As we step into 2015, where do we stand? While it is almost customary to be optimistic about the new year, I am convinced that we are truly at the cusp of the next phase of an impressive economic expansion. And, this phase of economic upturn will be free of the ills of the bloated deficits and double-digit inflation that accompanied the previous recovery. In a sense, it is a ‘Goldilocks’ moment for India.
From the cyclical perspective, the economic recovery is setting in against the backdrop of a very benign commodity price outlook. This is important. The last time around (after the financial crisis of 2008), the recovery was characterised by negative terms of trade shock, which fuelled domestic inflation quite early in the recovery cycle, widened the current account deficit and eroded the margins of businesses.

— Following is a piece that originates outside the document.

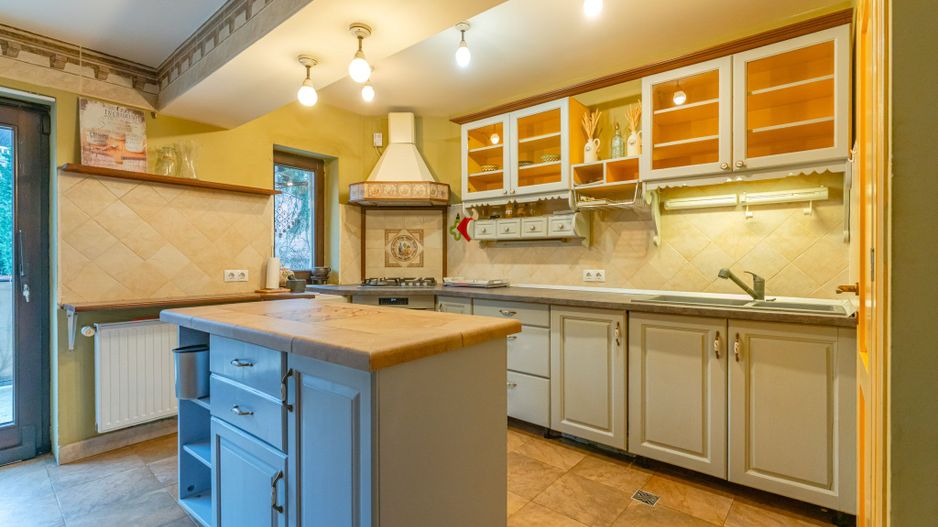 Casă individuală cu 7 camere lângă AFI Mall, ideală pentru birouri sau locuință - Poză 5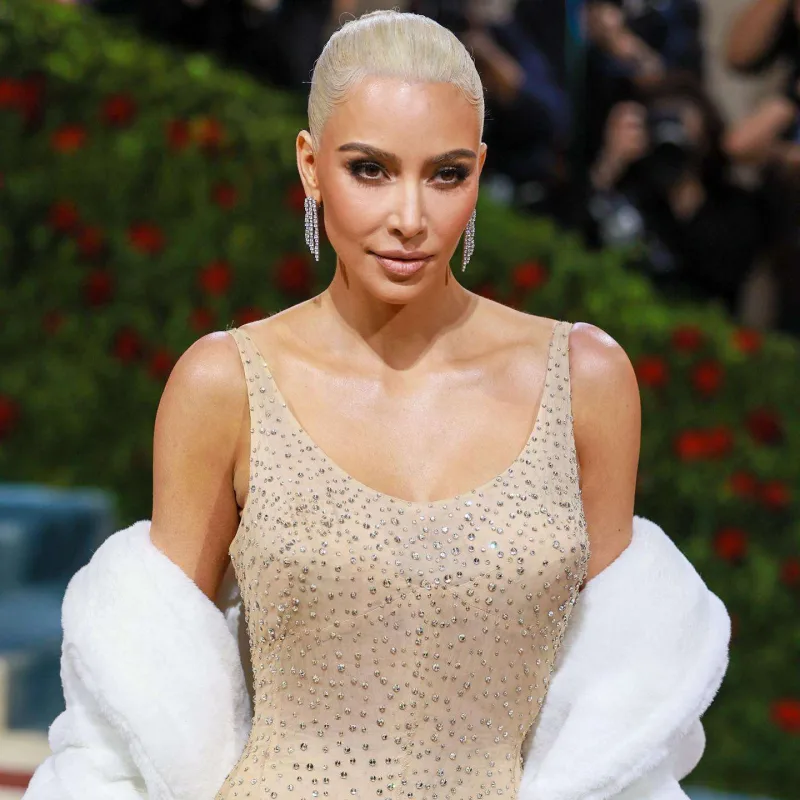 Kardaşyan Merilinin paltarını zədələyib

This time, even as growth picks up, inflation and twin deficit dynamics are likely to remain benign, thus allowing the recovery to sustain.
The fact that liquidity conditions have eased considerably and the interest rate cycle is on the cusp of reversal suggest that demand conditions will improve and, de-leveraging will become less painful. Surely, near-term risks arise from emerging weakness in global demand (barring US) and sustained strength in the US dollar. The former can derail the export recovery, while the latter typically leads to rising foreign debt burden, although I must add that so far the rise of the US dollar has been quite orderly.

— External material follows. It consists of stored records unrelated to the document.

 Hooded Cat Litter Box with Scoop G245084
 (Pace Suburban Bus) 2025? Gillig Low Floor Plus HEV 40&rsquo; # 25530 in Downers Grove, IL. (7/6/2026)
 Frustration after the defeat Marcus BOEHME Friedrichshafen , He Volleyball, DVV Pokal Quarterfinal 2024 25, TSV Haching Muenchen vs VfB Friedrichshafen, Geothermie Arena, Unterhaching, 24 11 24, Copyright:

A more critical aspect of the impending upturn will be the likelihood of it being accompanied by progress in structural reforms. Remember, economic expansion of 2003-2008 happened on the back of ample global liquidity, rather than progress in structural reforms. In fact, our regulatory frameworks such as those for allocating natural resources, acquiring land, etc., were overwhelmed by the pace of economic expansion. As a result, government policies turned more ad hoc and expedient, promoting rent-seeking, crony capitalism and ultimately undermined social welfare. India needs a new narrative. PM Modi’s call for development as a people’s movement is extremely encouraging. It is about cultivating a political constituency for reforms and development. When Margret Thatcher embarked on a privatisation drive in Britain, the slogan was “power back to the people”.
Over the next couple of years, we are likely to see revitalisation of our regulatory institutions — laying down of transparent rules, setting up a level playing field and putting in place apt conflict-resolution mechanisms. These are essential for breaking barriers to entry and encouraging entrepreneurship and competition. On the policy front, subsidy reforms coupled with the drive towards direct transfer of social benefits will go a long way to cutting leakages, fixing distortions and ensuring better social outcomes. The long-pending tax reform, GST, is also at the top of the government agenda, although progress is likely to be gradual given several stakeholders.
No doubt expectations are high, but the opportunity is also historic. Remember, the last time India saw path-breaking reforms (opening up of trade and industry) was 25 years ago and that too under a minority government. I am hopeful that if the policy-makers remain committed to institutions and reforms, India’s growth rate will soon overtake China’s and the size of the economy will cross $5 trillion in 10 years.